Why do metrics work great for improving the properties of software products, but not for measuring the work done by programmers? Maybe this is some kind of conspiracy of programmers? In fact, if we look beyond software development, we see other examples, in some of which metrics work well and in others they don't.



Examples of where metrics work well are mass manufacturing or sales. Let there be production and sale of mugs. You can measure the volume of production - the number of cups per unit of time, its quality (scrap percentage), the cost of one cup. In sales - sales volume, margin. These metrics are quite successfully used in management. For example, the production manager can be assigned the task of reducing the scrap rate while maintaining the cost price, and the sales manager - increasing sales while maintaining the price. Improvements in these metrics will benefit the business, so they can be considered indicators of the performance of the people who are in charge.
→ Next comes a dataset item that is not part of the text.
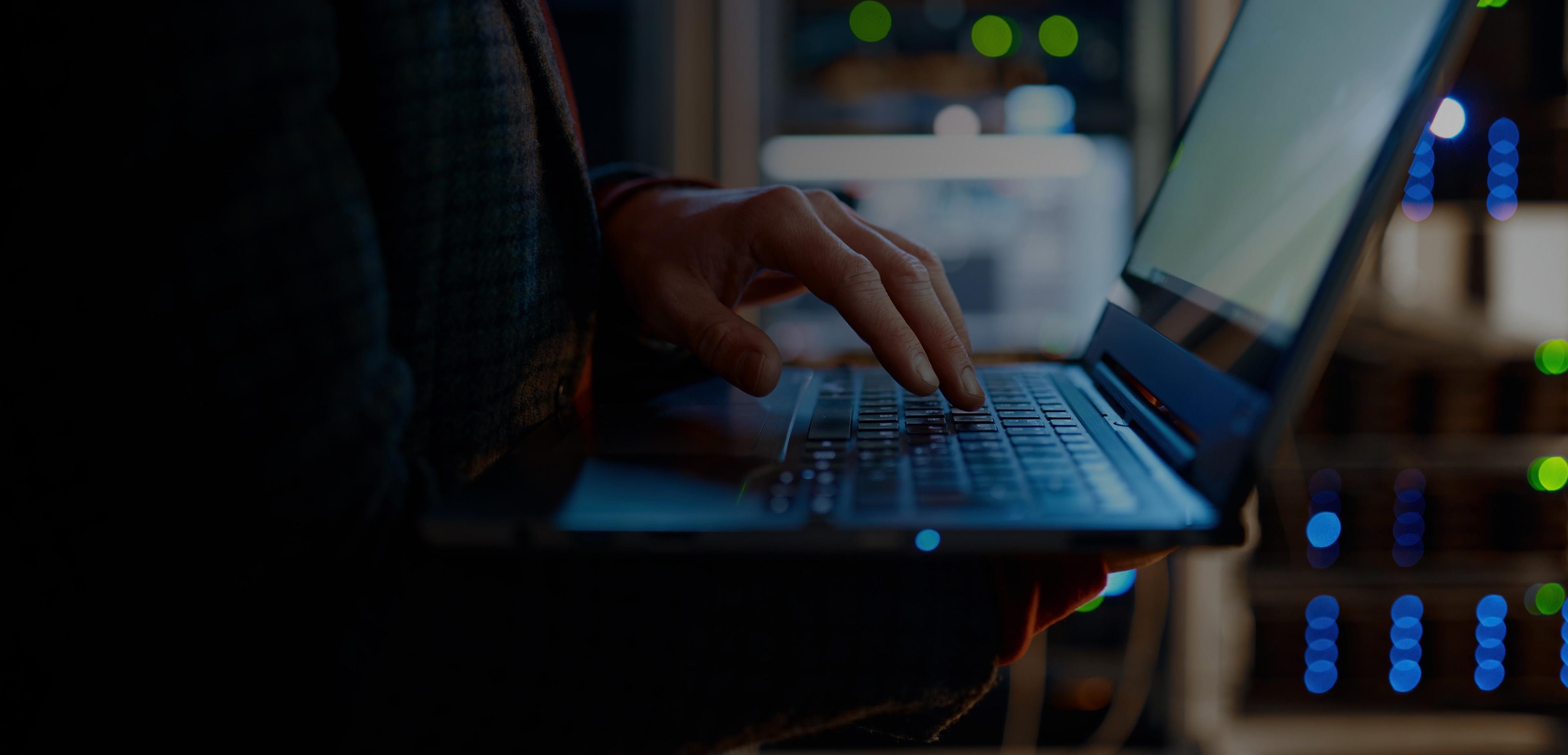 A person focused on typing on a laptop computer, with hands positioned on the keyboard and a screen illuminated.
An example of when metrics do not work is the assessment of scientific performance. Scientists conduct research, which is then published as scientific papers. This area also has its own numerical metrics - the number of papers, the number of citations, the statistical significance of the results, etc. Is it possible to say that a scientist who released 10 scientific papers brought the world twice as much benefit than a scientist who released 5 papers? This is unlikely, because the value of their work can be very different, and at the same time, even on a subjective level, it can be difficult to understand which work was more valuable. The problem of "cheating" citations and publications is widely known in the scientific community, so, unfortunately, they are not considered reliable indicators of value. There is also the problem of manipulating statistical significance .



Two main criteria



Regardless of the context, metrics that work well have two things in common:



  1. Direct (not indirect) relationship with value;
  2. Accuracy, that is, the metric is based on measuring the number of some units of value and these units are equal to each other;


Let's look again at the examples we looked at above: The



metrics for mass production and sales meet both criteria. In the production of mugs, the value is produced - the mugs themselves. The connection is direct, the company needs to produce mugs. And since the production is mass, then the units of value (circles) are equal to each other. If we are talking about sales, then the units of value are money. The purpose of the enterprise is to make a profit, so the relationship with value is, again, direct. And since every dollar earned is equal to another, we can build accurate metrics.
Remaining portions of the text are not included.